Lambda + SNS + CloudWatch (with alarms) is a successful pattern for invoking other lambas very async and still being notified of problems. Swap in SQS if you're in need of message retry.
On a slightly off-topic comment, I really wish big companies would stop cooping technical terms for their product names. I clicked thru happily expecting an article about lambda as in anonymous functions or lambda calculus in general. I know, language evolves and yada yada, but when one actor purposefully forces a new ambiguous use of a word, that is not normal language evolution, that is language vandalism. If you want to use an existing word for your product name, at least pick something from other field, so there is no ambiguity in a specific context (e.g. in a computer forum the word "mouse" unambiguously means the input device, and the word "apache" certainly means the web server or parent org).
That they decided to call a DAG tool "AWS step functions" always puzzled me.

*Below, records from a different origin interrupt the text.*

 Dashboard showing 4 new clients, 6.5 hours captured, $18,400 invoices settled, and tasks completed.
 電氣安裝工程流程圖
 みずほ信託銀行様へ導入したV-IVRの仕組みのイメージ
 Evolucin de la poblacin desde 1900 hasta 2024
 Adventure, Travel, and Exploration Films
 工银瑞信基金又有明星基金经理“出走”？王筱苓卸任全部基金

I get it now -- like "step by step" -- but didn't a single person do a web search for "step function" beforehand to find it already has a totally separate meaning in mathematics and scientific applications?
You've put one of my biggest frustrations into words very well. Someone trying to learn about serverless architecture is immediately going to run into the serverless framework which will often have nothing to do with what they're trying to accomplish.

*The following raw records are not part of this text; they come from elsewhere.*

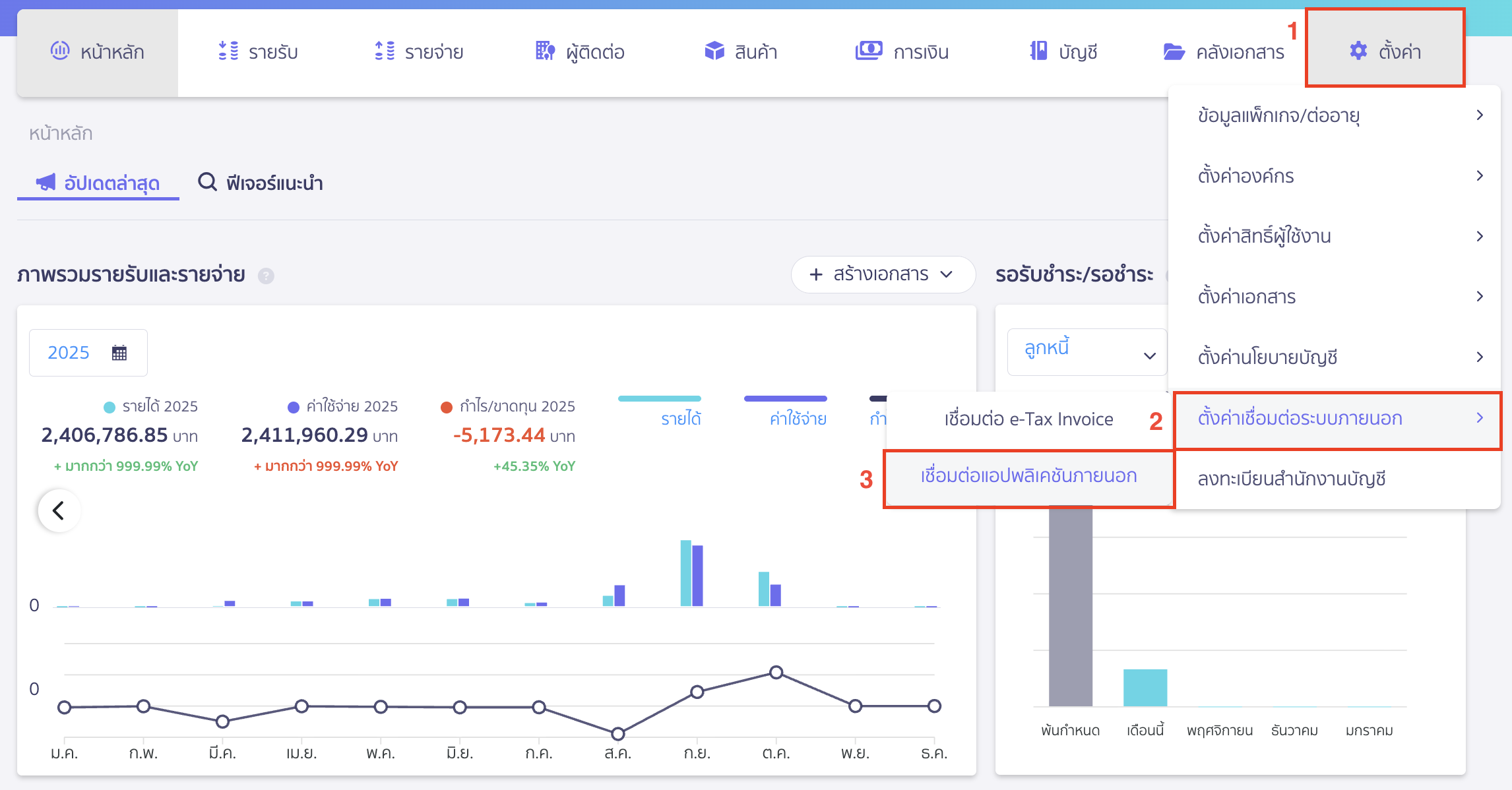 connecting-peak-with-xselly-4 ไปที่ PEAK เพื่อสร้างโค้ด ไปที่เมนูตั้งค่า > ตั้งค่าเชื่อมต่อระบบภายนอก > เชื่อมต่อแอปพลิเคชันภายนอก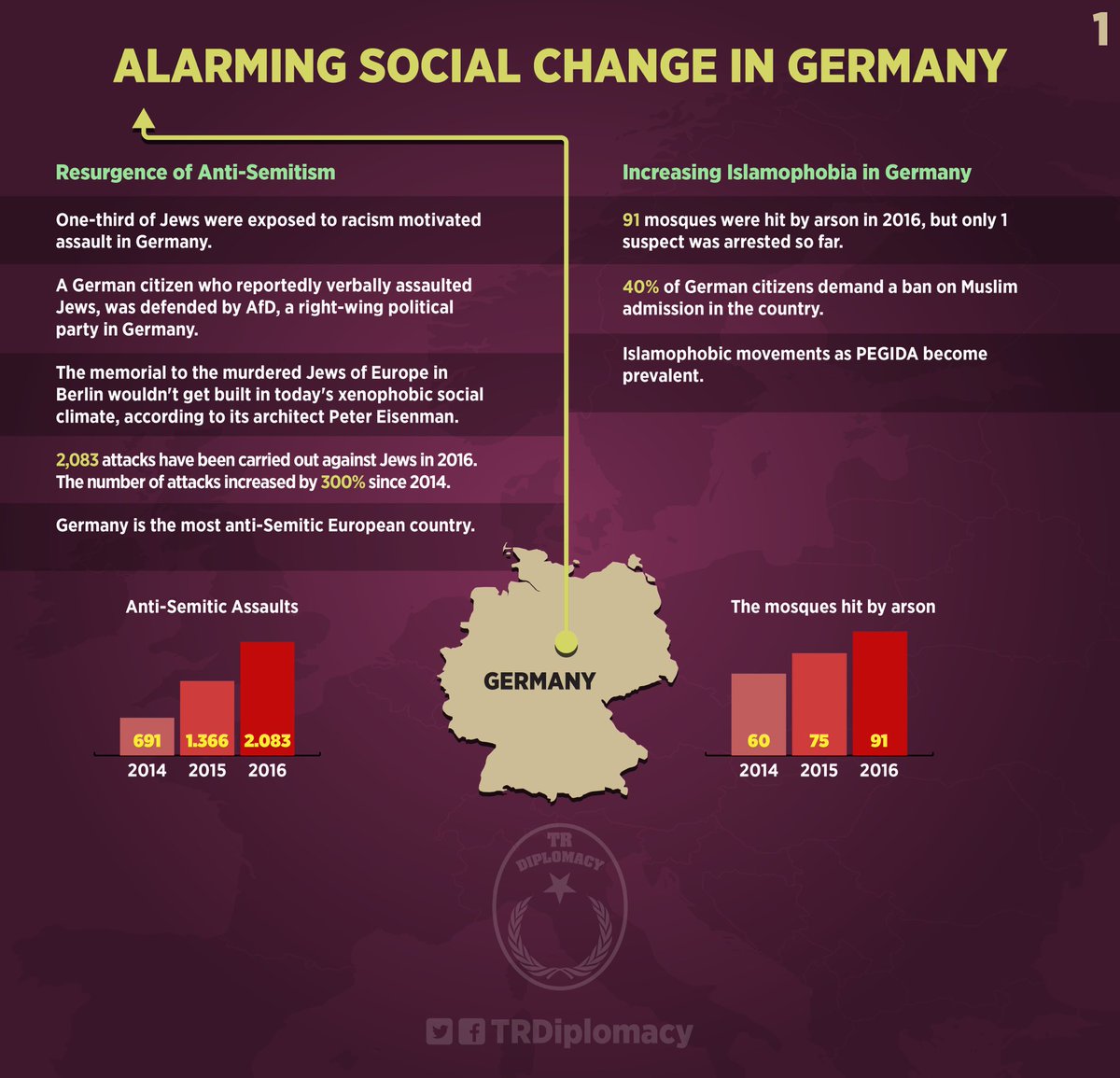 Alarming social change in Germany
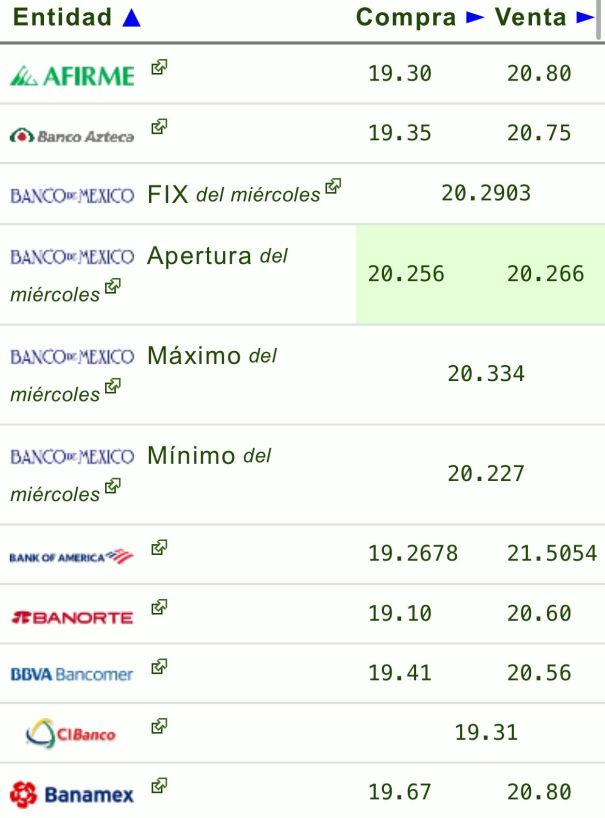 Tipo de cambio: Precio del dólar hoy 21 de noviembre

Or trying to learn about the CLI (Command Line Interface or Common Language Infrastructure)
A group is trying to propose a standardized language for querying graph databases, ala SQL. They decided to call it Graph Query Language. This has nothing to do with the GQL spec, which itself has nothing to do with graph databases.
The biggest obstacles in this field really feel self erected sometimes.

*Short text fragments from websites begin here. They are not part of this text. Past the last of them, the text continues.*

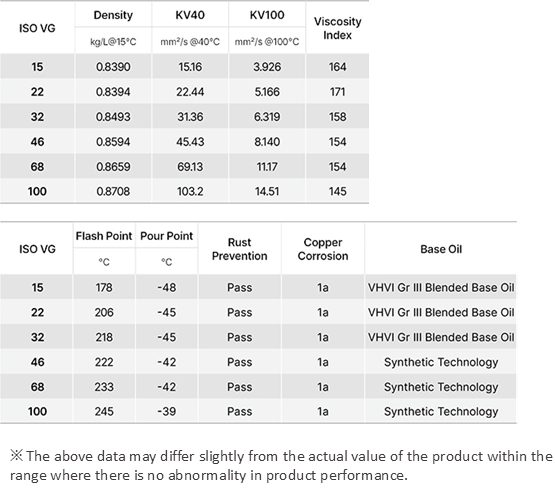 proimages/pro/GS/Hydraulic_Fluid/Kixx_Hydro_HVZ_202602_KP.png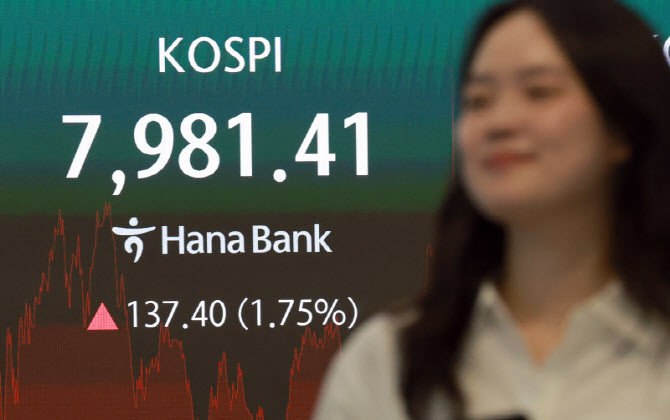코스피, 또 사상최고 7,981…'8천피' 19포인트 남았다                                                                                                                                      
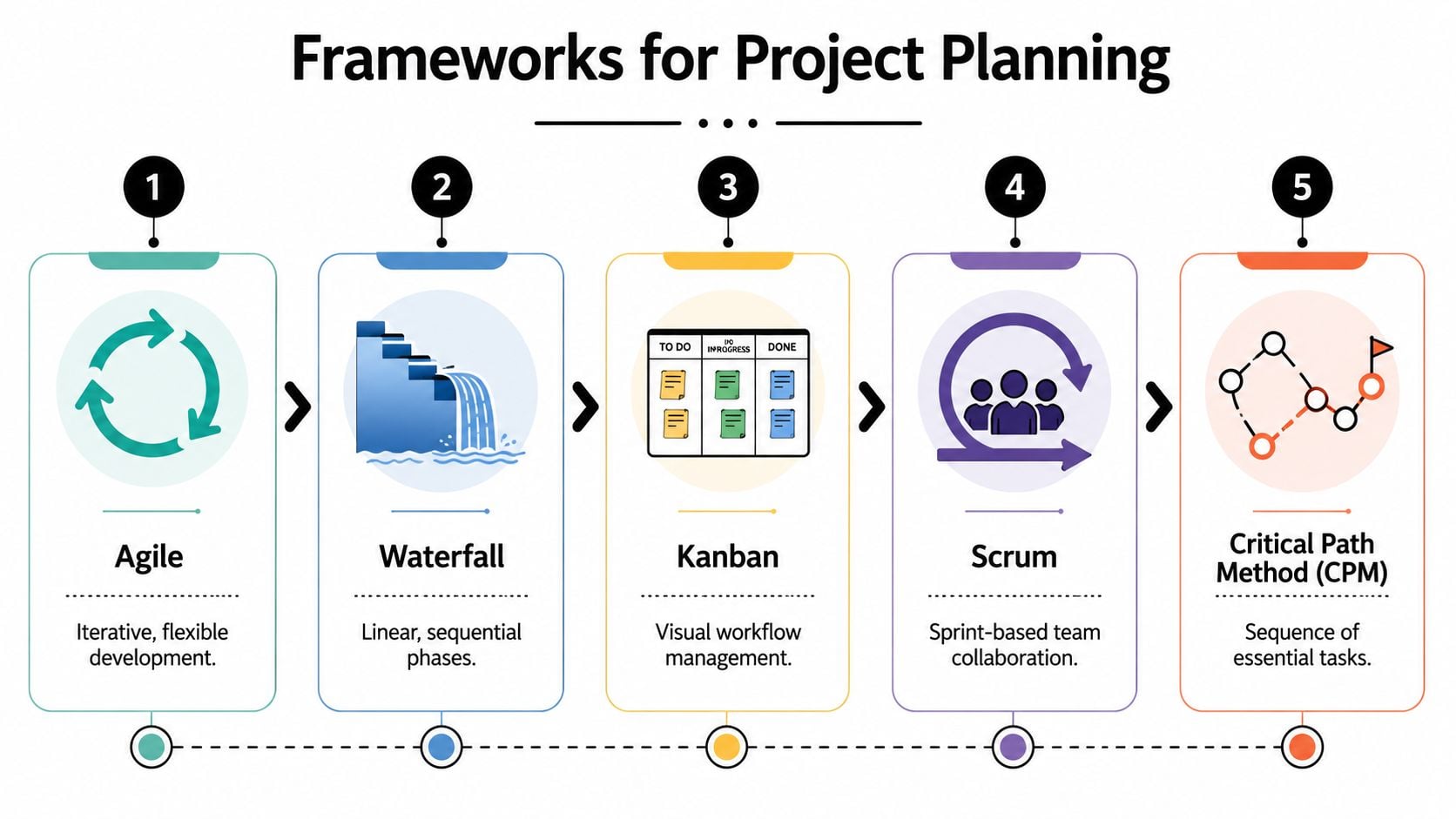 An infographic showing five project management frameworks: Agile, Waterfall, Kanban, Scrum, and the Critical Path Method.
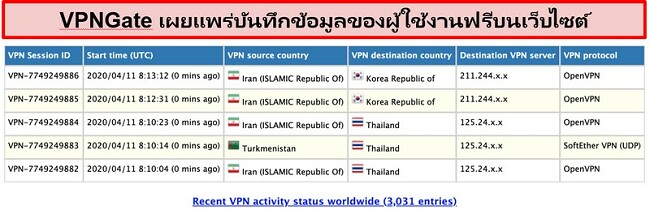 ภาพหน้าจอล็อกผู้ใช้ของ VPNGate บนเว็บไซต์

"Graph" as used in "Graph Query Language" and "Graph Database" is synonymous.
The bigger problem comes from naive practitioners using a word and insisting to novices it has one exclusive meaning when it plainly doesn't.
"Lambda" is not a protected mathematical term. It's a Greek letter (and 500 other things besides)! The fact that 'lambda calculus' is a recognizable concept is itself a consequence of the language evolution you're complaining about.
Some counterpoints:
1. Micro-lambdas
How many routes does your application have 3, 30? Trying to maintain 30 different codebases and deployments would be a nightmare.
Package size.
Package size is unlikely to be much different by adding a little extra code, especially if the code for each route uses the same set of libraries(which will make up the bulk of the package size).
Least privilege.
If it makes sense to limit a routes privileges, you can simply deploy the same lambda code separately, with a different role.
Upgrading.
On the contrary, upgrading a lambda that uses a single codebase, is much simpler than having to deploy multiple systems and deal with the issues of interoperability and compatibility between versions.
Reusing code.
Also much much simpler with a monolithic codebase, the code is right there, ready to use.
Testing.
Testing a monolithic app is very straight-forward, you don't need to setup a complex integration test environment, all the functionality can be tested locally.
4. Lambdas calling lambas
I tend to agree with this one, at least for synchronous calls, but you can also call another lambda asynchronously, actually this is something you tend to find yourself doing if you go down the path of breaking down a monolithic lambda.
5. Synchronous waiting.
Yes, from a cost perspective, you should minimize the amount of time your lambda is spending waiting on external IO. However, from an application complexity perspective, you should make things as simple as possible, building overly complex event based lambda flows, can make it really difficult to debug and maintain your application.